I am looking for a way to suspend the laptop, not go to hibernate but power down once a certain amount of time has gone. This avoids swap partitions and secure boot problems, but still saves the battery when not in use.
I found the following possible solution, but since I am not too familiar with Linux I am wondering whether this would work: suspend-then-shutdown sleep option? / Newbie Corner / Arch Linux Forums
$ cat /etc/systemd/system/systemd-suspend.service
[Unit]
Description=Suspend; Shutdown if not used for a period of time
[Service]
Type=oneshot
ExecStart=/usr/local/bin/suspend-then-shutdown
$ cat /usr/local/bin/suspend-then-shutdown
#!/bin/sh
delay=$((2*3600))
start=$(date +%s)
rtcwake -s $delay -m mem
end=$(date +%s)
if [ $((end-start)) -ge $delay ]; then
systemd-run --on-active=5 systemctl poweroff
fi
Please note that I've used this on Debian 11, currently don't have Arch to test but I suppose that it should work with newer systemd as well.

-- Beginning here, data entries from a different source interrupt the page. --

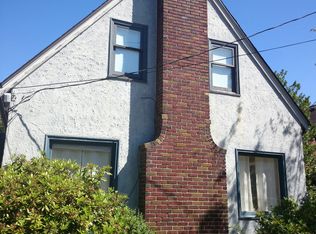 306 Halladay St, Seattle, WA 98109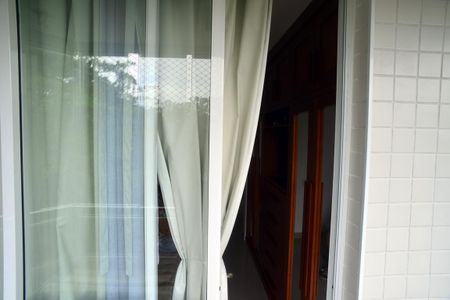 Apartamento à venda com 77m², 3 quartos e 1 vagaVaranda da Suíte 2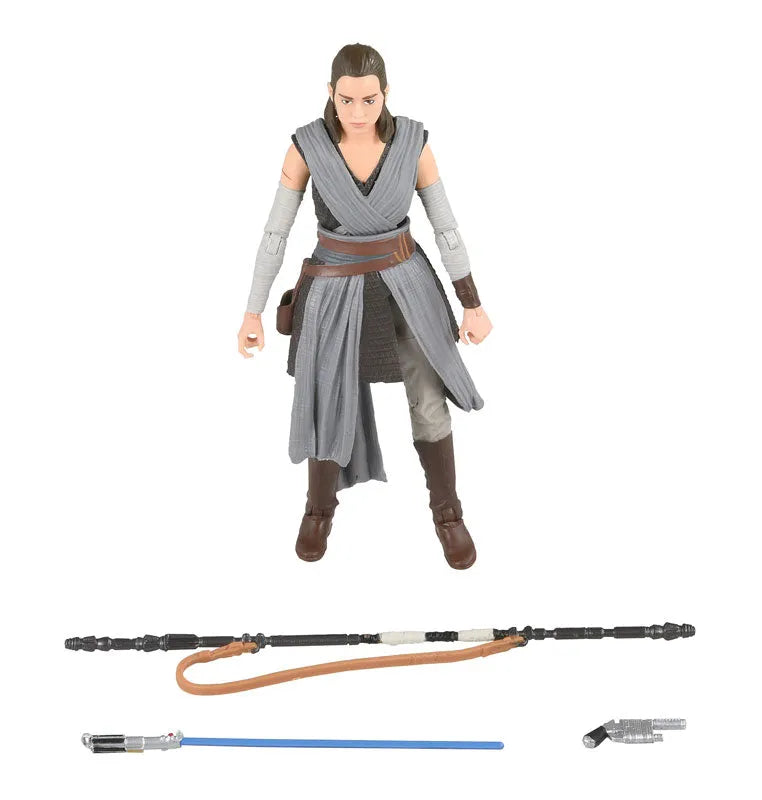Star Wars Black Series 6 Inch Figure - Assortment 13ㅤ – Takara Tomy – ActionFigureBrasil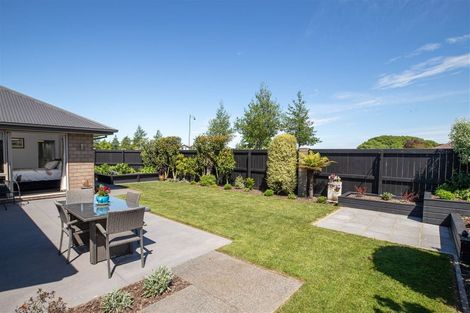 Photo of property in 11 Ambrosia Lane, Aidanfield, Christchurch, 8025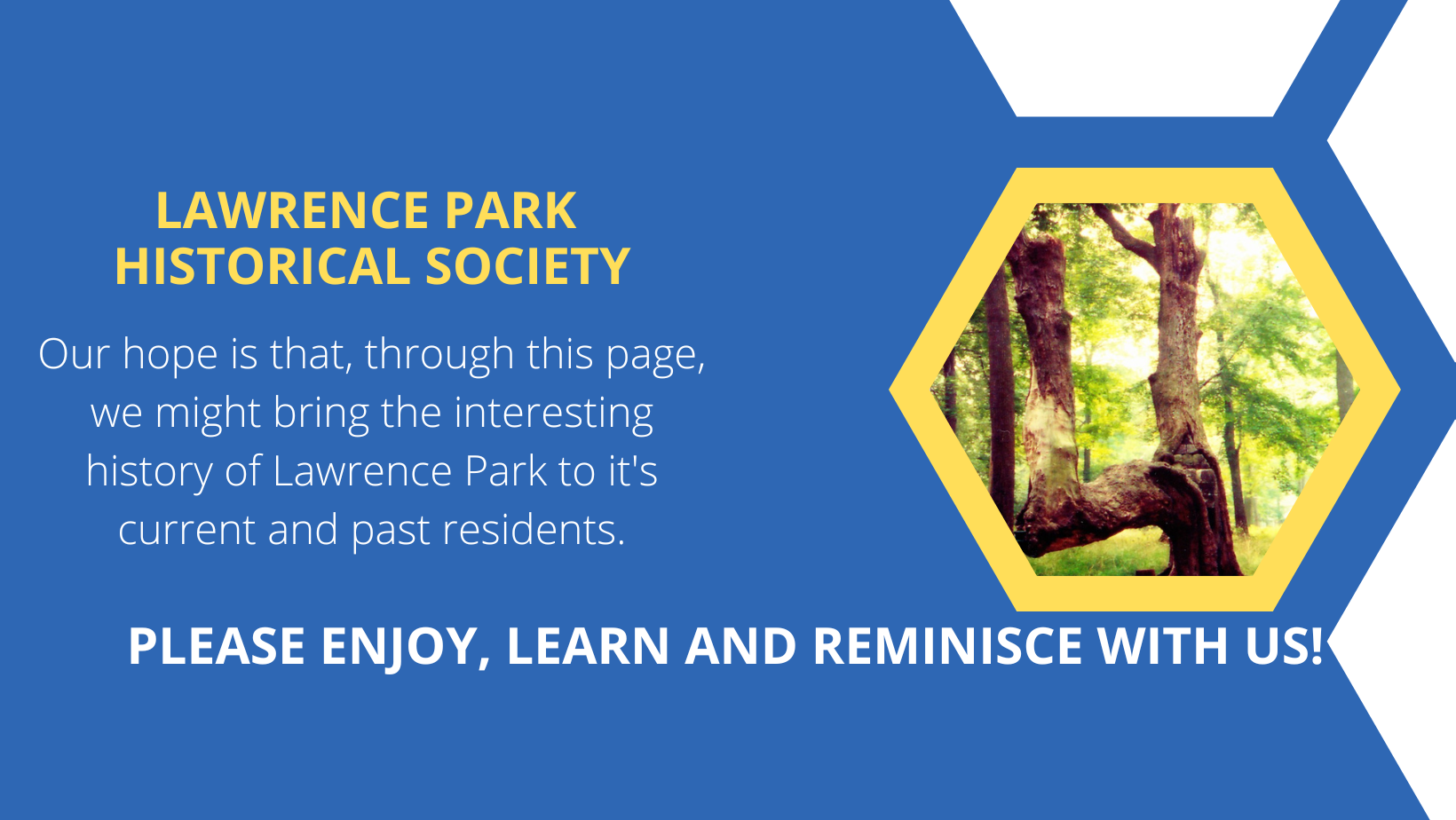 Lawrence Park Historical Society | Erie PA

Note that I've replaced (not overridden) the suspend target, not suspend-than-hibernate, which may seem more appropriate. But invoking systemctl suspend-than-hibernate is refused for me, because I use Secure Boot and lockdown mode doesn't allow hibernation.
UPDATE 2023-06-17: replaced shutdown -h now
by systemd-run [...] poweroff
- it seems like newer systemd doesn't allow entering shutdown when in midst of sleep target.